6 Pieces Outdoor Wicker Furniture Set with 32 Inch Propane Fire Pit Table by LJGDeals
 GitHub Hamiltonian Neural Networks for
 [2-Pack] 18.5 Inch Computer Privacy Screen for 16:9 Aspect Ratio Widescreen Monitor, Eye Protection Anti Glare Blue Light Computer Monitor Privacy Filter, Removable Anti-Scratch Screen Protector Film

TASK TO COMPLETE — Please reproduce every line shown above, exactly as written.

YOUR RESPONSE —
6 Pieces Outdoor Wicker Furniture Set with 32 Inch Propane Fire Pit Table by LJGDeals
 GitHub Hamiltonian Neural Networks for
 [2-Pack] 18.5 Inch Computer Privacy Screen for 16:9 Aspect Ratio Widescreen Monitor, Eye Protection Anti Glare Blue Light Computer Monitor Privacy Filter, Removable Anti-Scratch Screen Protector Film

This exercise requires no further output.